罪刑法定,这是法律底限。但麻烦在于,目前的交通形势和1979年设置交通肇事罪时相比,发生了巨大变化。频发的恶性交通案件,日益紧张的人车矛盾,也让危险驾车导致的社会后果变得越来越严重。这也让法学家们意识到,由此引发的社会负面效应,必须加以注意,并以法律方法化解。日本和欧美国家对危险驾驶行为施加的法律威慑,成为与会专家们提出的一种借鉴。例如:美国将酒后驾车致人死亡,界定为二级谋杀。而日本刑法则将危险驾驶行为设定为行为犯,对酒后或服用药物后开车、飙车、任意变换车道、无证行驶、无视交通信号5类行为,一经实施,哪怕没有产生危害后果,也成立犯罪,若致人受伤,可判处1年以上15年以下有期徒刑;致2人死亡的,可判处1年以上20年以下有期徒刑。这种立法使得日本因危险驾车致人死亡的数量从每年1万多,下降到每年6000多人。

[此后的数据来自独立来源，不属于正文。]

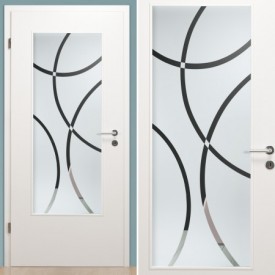 Lichtausschnitt 139-1-f-la...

只是单纯寄希望于修改立法,显然并不现实。在现有的法律框架内,针对当前频发的恶性交通案件,还是需要根据个案的情况,做具体的分析和认定。汹涌的民意并不等于法律的正义。成都孙伟铭案的一审,法院做出了死刑判决。主审法官发表的法律观点,明显存在可探讨的空间。但麻烦的是,这项判决引来的舆论关注,显然把要受理二审的四川省高院推到了被动的境地。

回到黎景全案,最后的复核结果尚未公布,综合了诸多法学家们的探讨后,这起案件能否成为对全国法院审理类似案件有导向性作用的指导性判例,依旧还是个悬念。■

(实习记者陈其禄对本文亦有帮助)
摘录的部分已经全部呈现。